Measuring Unreading

In a new piece out in the Goethe Yearbook, I and my co-author, student James Manalad, use text re-use algorithms to better understand citational practices within scholarly publications. In particular we look at how Goethe’s collected works are directly quoted in 68 volumes of the Goethe Jahrbuch over the course of the twentieth century.

How scholars cite major authors or works can give us insights into the methodological and ideological frameworks of these interpretive communities. In particular, we’re interested not just in what is cited, but also what the absence of citation can tell us about modes of scholarly attention. As we write in the piece:

Our aim in drawing attention to the unread spaces of Goethe’s corpus is to initiate a conversation about the meaning of concentration and repetition in the practice of critical reading. 

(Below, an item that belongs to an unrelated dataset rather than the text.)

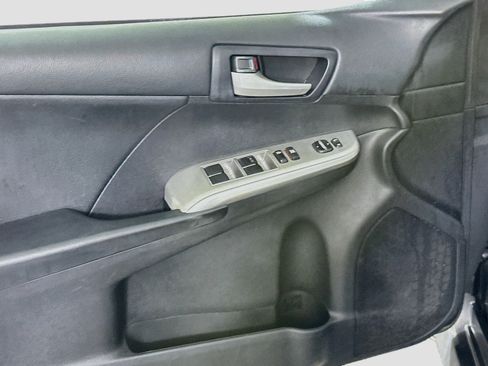 Used 2012 Toyota Camry SE FWD image 15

In tracing the ways Goethe’s works are quoted, we can begin to observe the semantic and thematic underpinnings of cultural capital, of what “version” of Goethe scholars reproduce. For example, our models suggest that there is a strong gendered aspect to the history of Goethe quotation within the Jahrbuch, with a reliance on valuing Goethe’s language of universality and patriarchy over and above more domestic concerns that also find expression in his poetry. The unread spaces of his corpus — unread in the sense of unreproduced (a distinction we discuss in the piece) — provide a form of commentary in relief of such disciplinary investments.

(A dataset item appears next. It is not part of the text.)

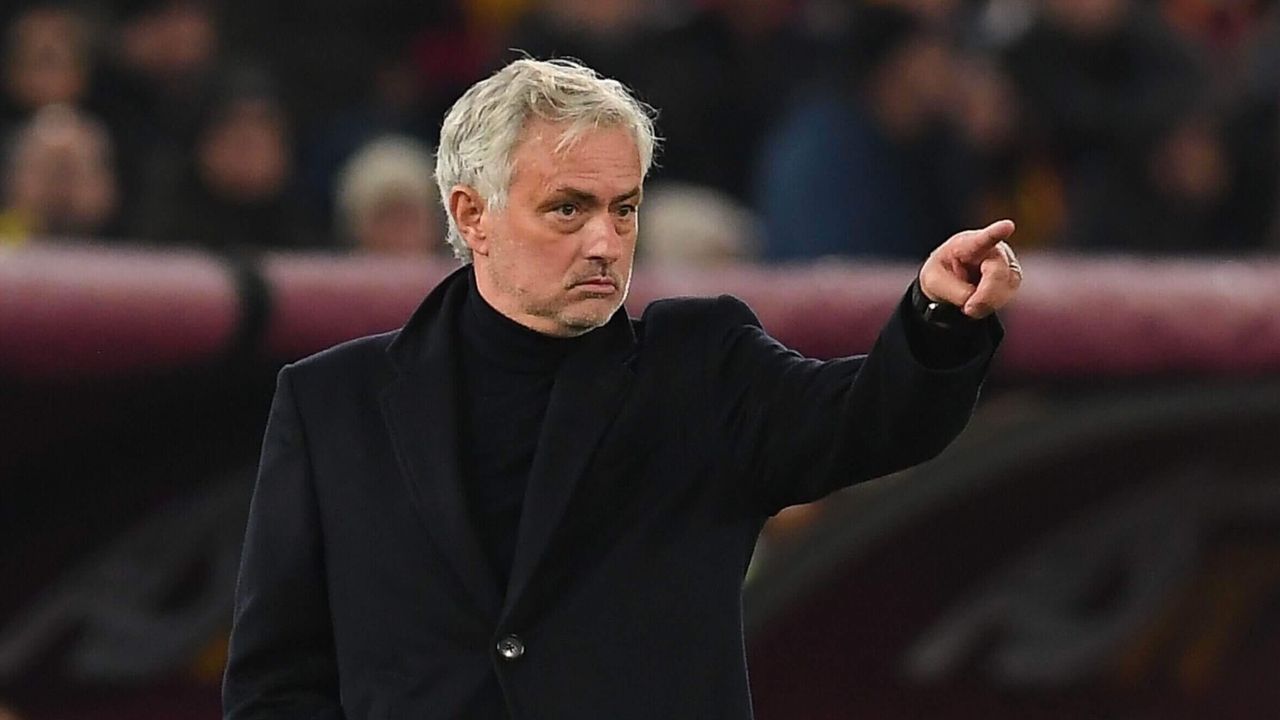 Fenerbahçe'den resmi duyuru geldi: Jose Mourinho görüşmeleri başladı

Text re-use algorithms offer researchers in computational literary studies a valuable tool to understand disciplinary practices. In our piece we use a tool developed by Jonathan Reeve (who also has an informative talk on this as well), which allows you to map the passages of a source corpus (in our case Goethe’s works) to a target corpus (in this case the Goethe Jahrbuch).

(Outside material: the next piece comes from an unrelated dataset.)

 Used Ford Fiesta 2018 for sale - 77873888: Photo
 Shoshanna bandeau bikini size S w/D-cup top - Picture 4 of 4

The interesting aspect about these algorithms is the way they handle ambiguity. Here is an example of a “match” in our piece:

Notice how optical character recognition (OCR) errors like “binn” and “fo” are still able to be matched due to the fuzzy matching technique, just as the differing punctuation—the question marks in the original versus the excla- mation points in the Goethe Jahrbuch—are similarly resolved. But it is also important to point out that this tool does not capture the entirety of the quoted line. The quotation extends further backward and forward in ways that our algorithm does not capture. In other words, we cannot use it to measure the exact number of quoted words. However, it does an excellent job of identifying when a sequence of words from Goethe’s corpus is being quoted and attributing that quotation to one or more source texts.

One of my main goals with this piece is to offer a case study of how we can use text-reuse algorithms to better understand disciplinary behaviour. I think there is a ton of potential there that I hope researchers will take up. The piece is part of a broader special section on “the great unread” and digital methods and I encourage you to read all of the contributions.